---------- Dataset excerpt ----------

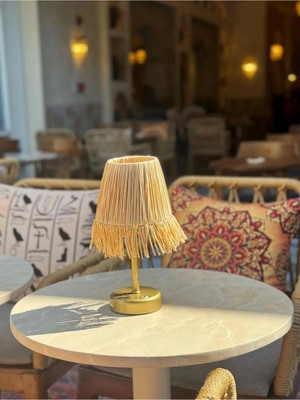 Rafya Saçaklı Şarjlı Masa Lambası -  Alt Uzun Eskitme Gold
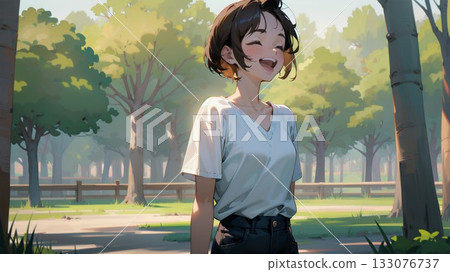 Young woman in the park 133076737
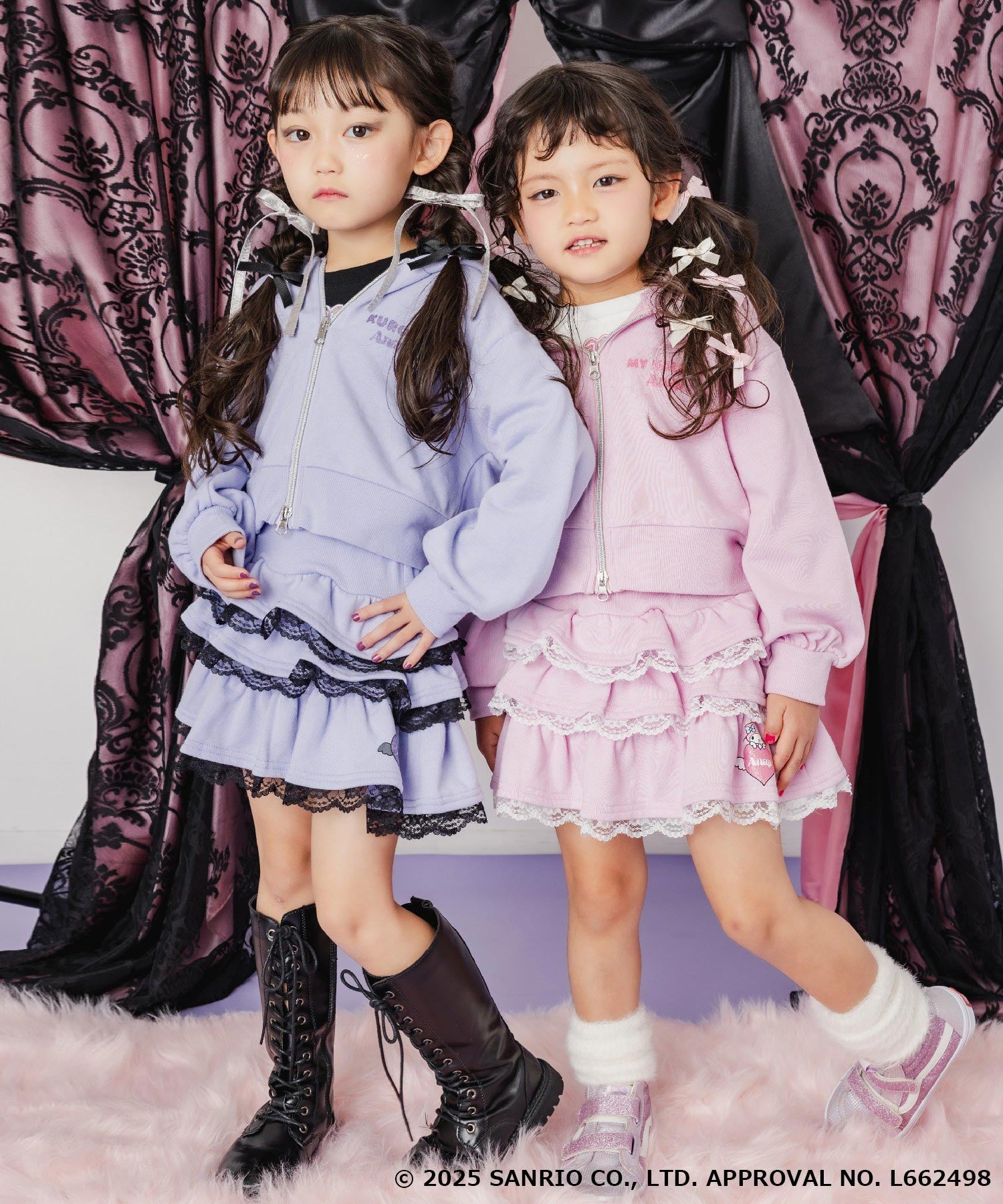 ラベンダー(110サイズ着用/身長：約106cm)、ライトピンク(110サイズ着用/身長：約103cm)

----------

■ Problem description:
In the reply, each line of the data must appear exactly as written, and no picture may appear.

■ Answer to the problem:
 Rafya Saçaklı Şarjlı Masa Lambası -  Alt Uzun Eskitme Gold
 Young woman in the park 133076737
 ラベンダー(110サイズ着用/身長：約106cm)、ライトピンク(110サイズ着用/身長：約103cm)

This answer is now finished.